Lenovo Yoga Slim 7i Carbon Gen 7

Weniger als 1 kg schwer und sehr flach: Lenovo Yoga Slim 7i Gen 7

Der Yoga Slim 7i Carbon ist das MacBook Air von Lenovo. Unspektakulär, flach und leicht, dafür mit nur wenigen Anschlüssen. Ich mag den hellen Bildschirm, der nicht spiegelt, ich mag die flache Tastatur ohne Layout-Kompromisse, ich mag das zurückhaltende Design und nicht zuletzt den Touchscreen. Bildschirme, die ich nur per Maus bedienen kann, sind für mich mittlerweile kaputt. Das Topcase besteht aus einem Kohlefaser-Verbundwerkstoff, das Chassis aus einer Magnesium-Aluminium-Legierung.

Was ich nicht mag, sind die vielen Aufkleber und Bloatware, u.a. von McAfee. Ich weiß, das kriegt man alles wieder runter, aber ich würde es wirklich begrüßen, wenn man nicht zuerst mal den Müll raustragen muss.

Was ich auch nicht mag, ist die 720p Webcam. Das sollte es 2022 nicht mehr geben. Immerhin gibt es eine IR-Kamera, so dass man sich ohne Passwort mit Windows Hello anmelden kann.

Das Yoga Slim 7i ist bedingungslos auf schlank getrimmt. Darum hat es auch nur zwei USB-C Ports, einen Ausschalter für die Webcam und einen Power-Button an der rechten Seite. Wie man sieht, ist das Design mittlerweile von einer abgerundeten Kante geprägt, das nicht unbedingt besser aussieht, aber sich besser hält.

Die Tastatur ist Geschmacksache. Sehr geringer Tastenhub aber perfektes Layout. Ich komme damit super zurecht.

Sehr flache Tastatur ohne Kompromisse (hier mit Schweißtropfen)
Lüftungsschlitze im Scharnier und Löcher im Boden, eine breite Auflage hebt an

Noch etwas, was ich mag: Die Unterseite hat eine breite Auflage, die den Boden leicht anhebt, so dass kühle Luft in das Chassis einströmen kann. Die warme Luft wird auf der Rückseite unterhalb des Bildschirms wieder aus dem Gehäuse geblasen. Sechs normale Torx-Schrauben halten den Boden. Ich habe nicht reingeschaut, aber so bleiben die Komponenten zugänglich und man kann ggfls. Staub aus dem Gehäuse entfernen.

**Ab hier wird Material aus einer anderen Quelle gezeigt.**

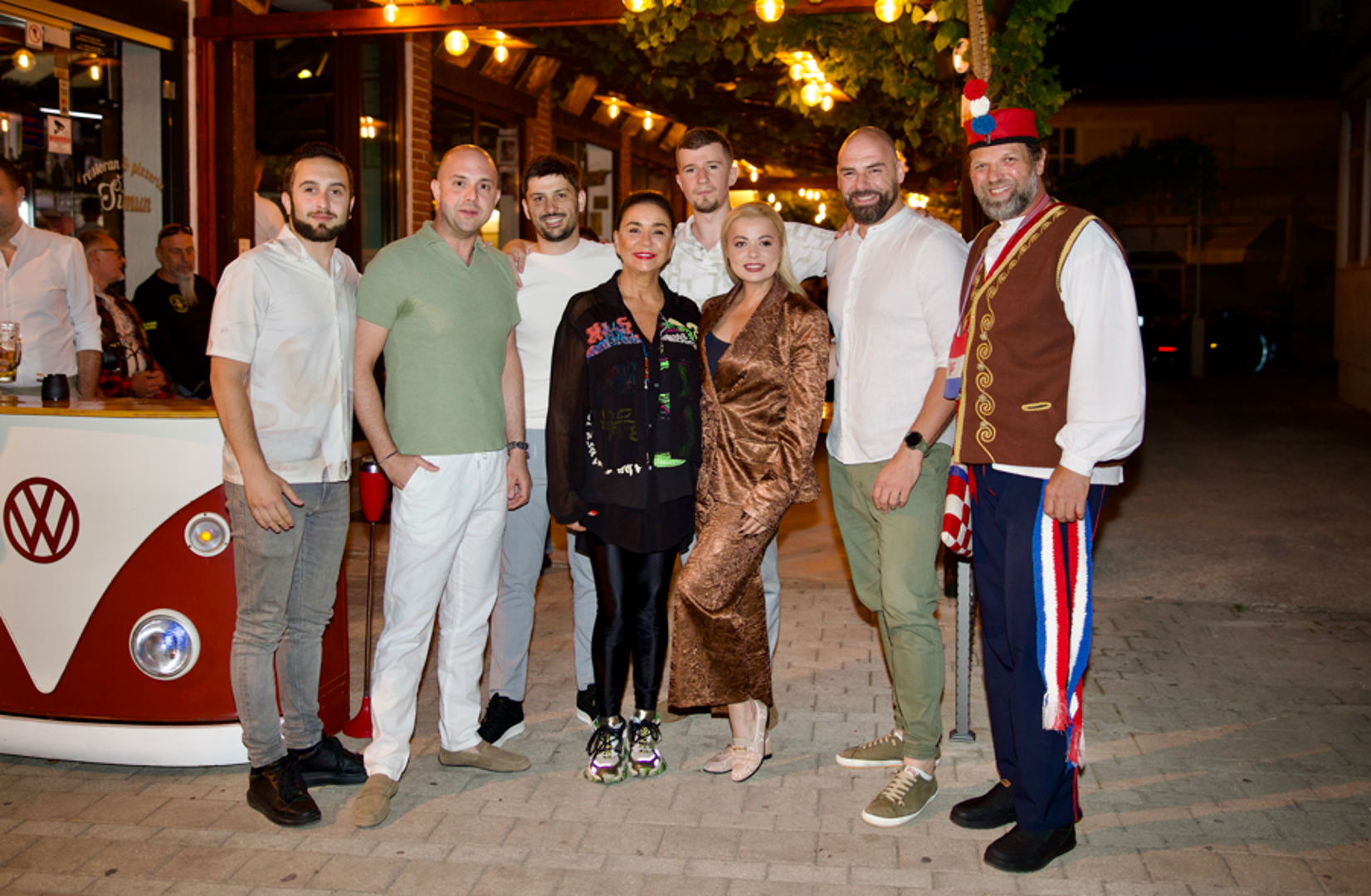 Već s prvim taktovima, čim su zasvirali, Kristian Ordulj, Andrea Aužina, Adrijan Aco Marinčić, Mladen Kalebić, Davor Delić i Marin Katić okupljeni kao 'šefovi zabave' u splitsku grupu Boss, malo je tko od uzvanika ostao ravnodušan. Njihovi estradni prijatelji i kolege prvo su ih glasno podržali aplauzom, a potom su im se jedan za drugim pridruživali na pozornici kako bi zajedno jedni druge darivali pjesmom. 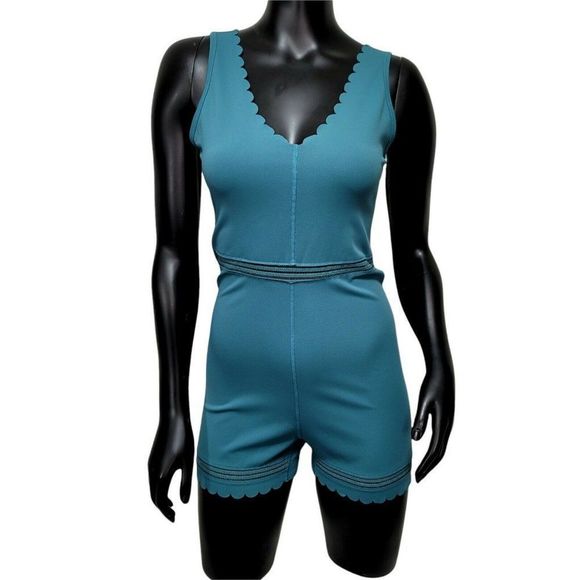 Free‎ People Movement Womens M Genesis Teal Scalloped Bodysuit Romper Yoga Gym - Picture 1 of 7
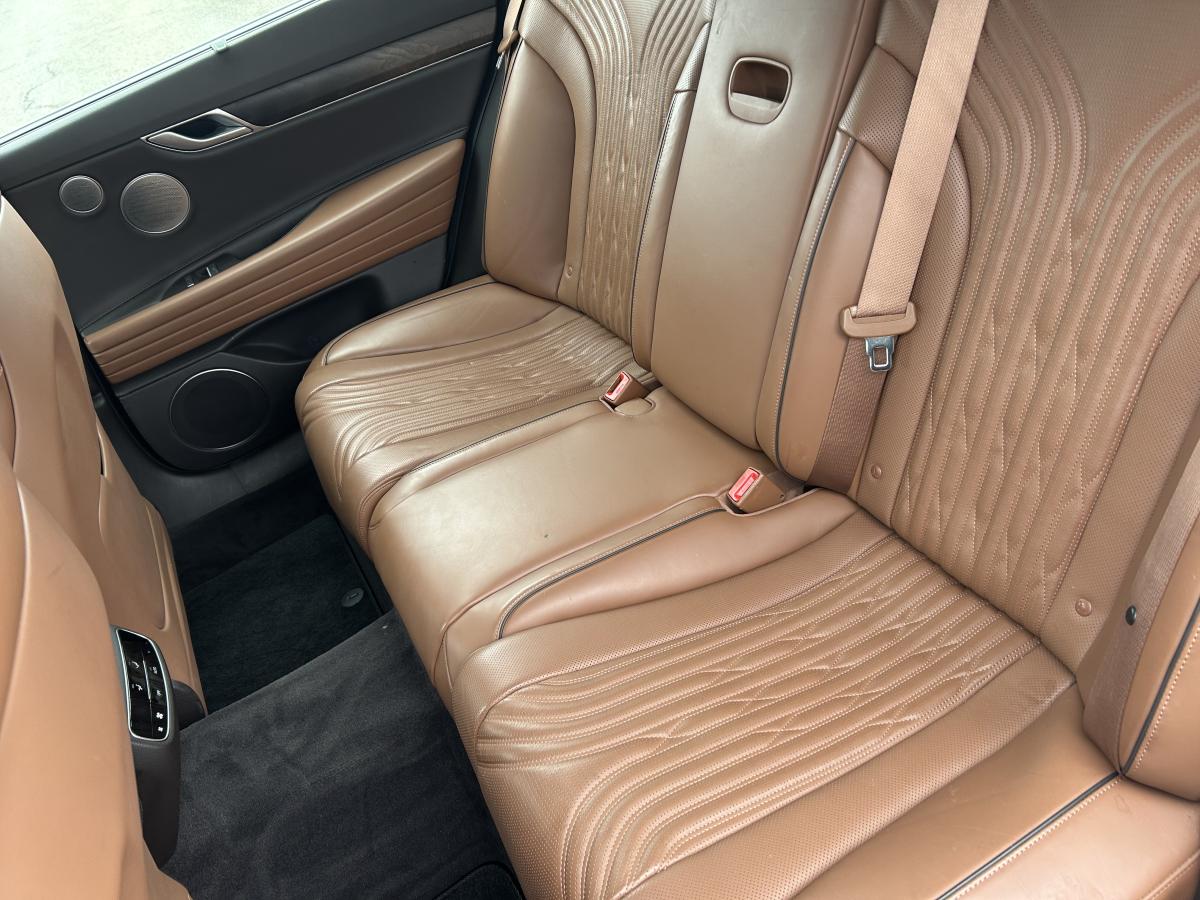 2021 Genesis G80 - Image 17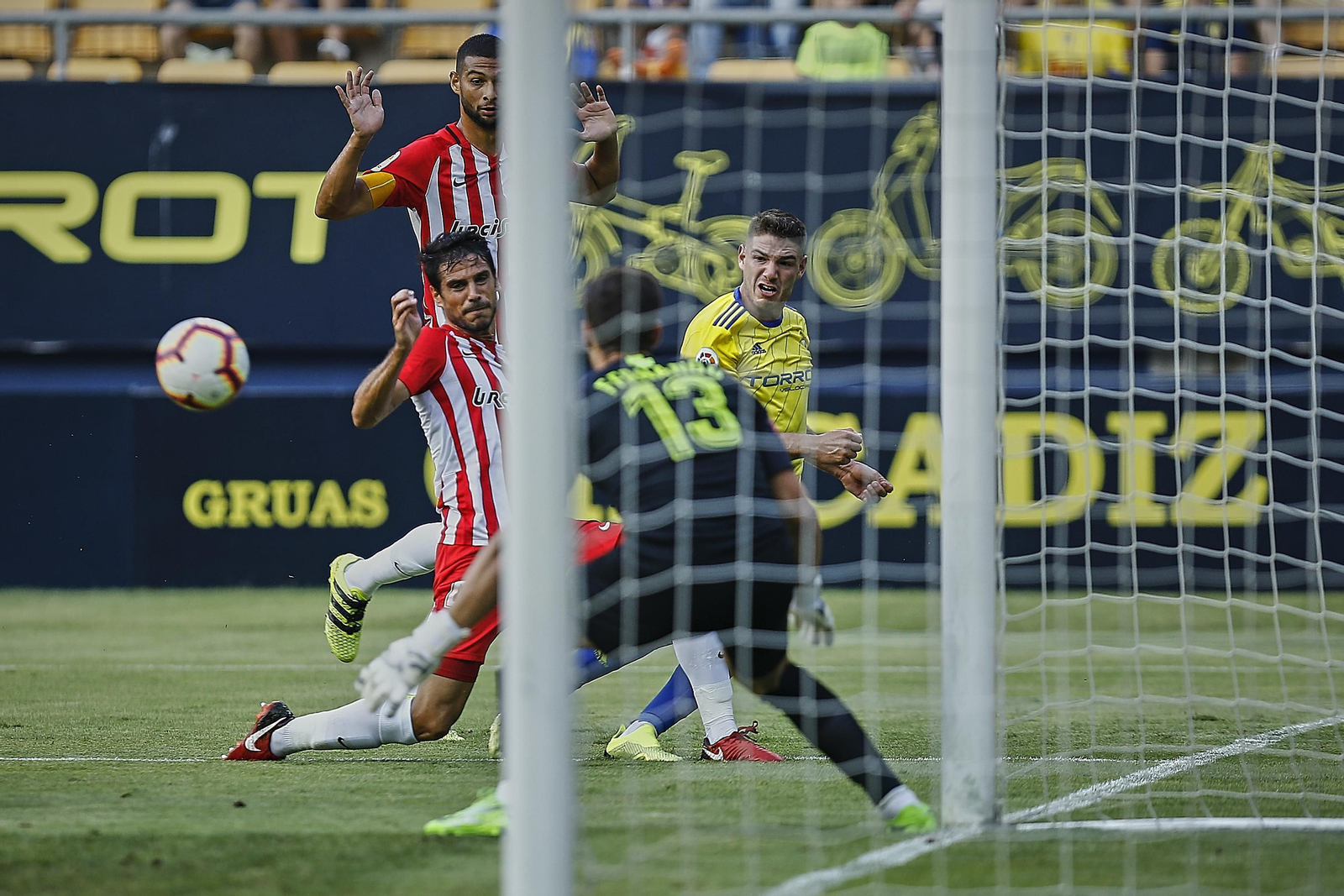 Imágenes del Cádiz - Almería. LIGA 1|2|3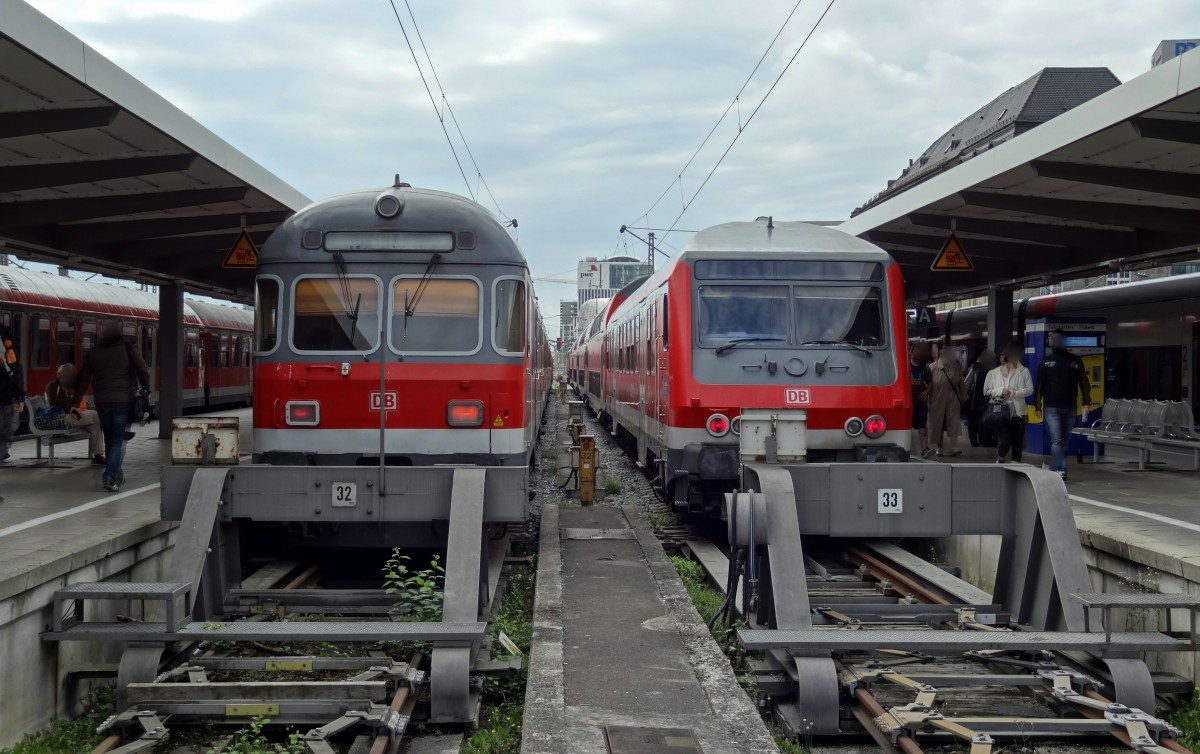 Links der RE nach Memmingen, rechts der RE nach Mittenwald.
Aufgenommen im September 2014.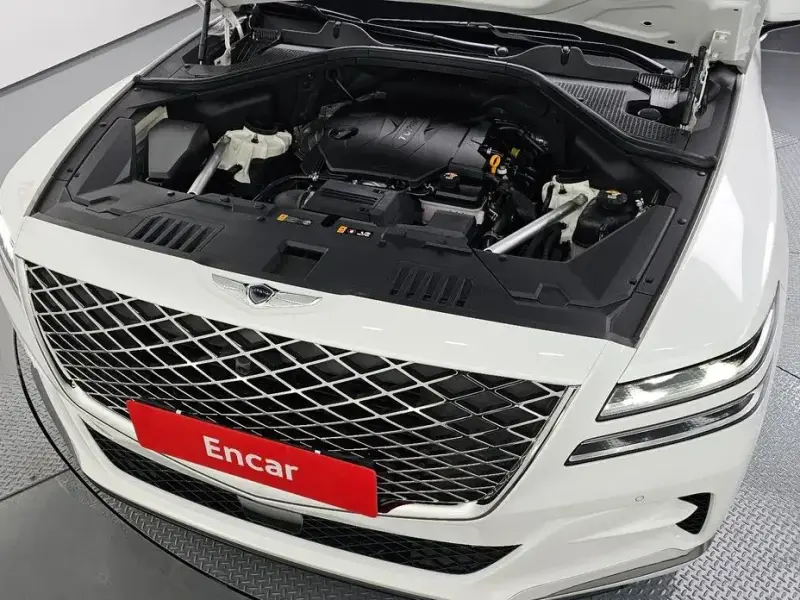 2023 Genesis GV80 с пробегом 31 892 км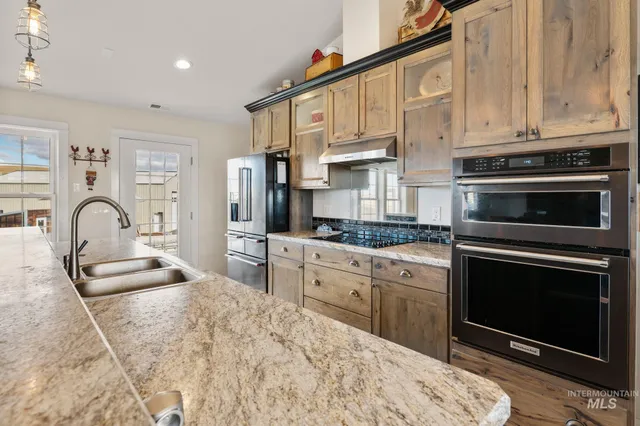 $905,000 | 1390 Sather Road, Genesee, ID 83832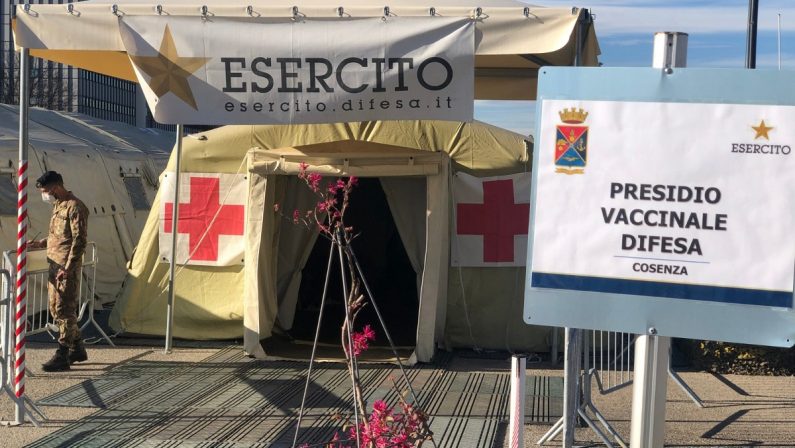 Coronavirus, ospedale militare a Cosenza: cittadinanza onoraria agli ufficiali dell'Esercito 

In der ersten Stunde, als der Windows Search Indexer lief, hat das Gebläse vernehmlich gepustet. Ich schließe daraus, dass das thermische Design nicht ganz so ausgefeilt ist wie das meines Surface Pro 8, das ebenfalls einen Lüfter hat, der aber stets unhörbar bleibt.

Sehr kompaktes 65 W Netzteil und ein optionaler Dongle mit Audio, HDMI, VGA und USB-A

Normalerweise packe ich bei modernen Notebooks das Zubehör nicht mal aus, sondern lade es einfach mit meinen vorhandenen Ladegeräten auf. Das war diesmal anders und so habe ich das sehr schlanke Steckernetzteil mit USB-C-Kabel gefunden. Normalerweise hat Lenovo in dieser Leistungsklasse einen dicken Ziegelstein mit dreipoliger Mickymaus-Buchse und ein ebenso dickes Stromkabel. Hier wiegt das Netzteil inklusive Kabel gerade einmal 185 Gramm.

Ebenfalls mitgeliefert war ein kleiner USB-C-Hub mit 3.5mm Audio, HDMI, VGA und USB-A. Der tut auch Not, weil der Yoga Slim 7i nur zwei Ports hat, die beide nur einen USB-C-Stecker aufnehmen.

Das Yoga-Branding ist sicher für viele Leute verwirrend. Ursprünglich hieß das, das Scharnier dreht sich um 360 Grad und man kann aus einem Laptop ein Tablet machen. Das ist bei den Yoga Slim nicht der Fall. Diese Bezeichnung steht für besonders schlanke Rechner, deren Bildschirm sich nicht umklappen lässt.

Fazit: Solider Rechner, aber kein Editor-refuses-to-give-it-back Award.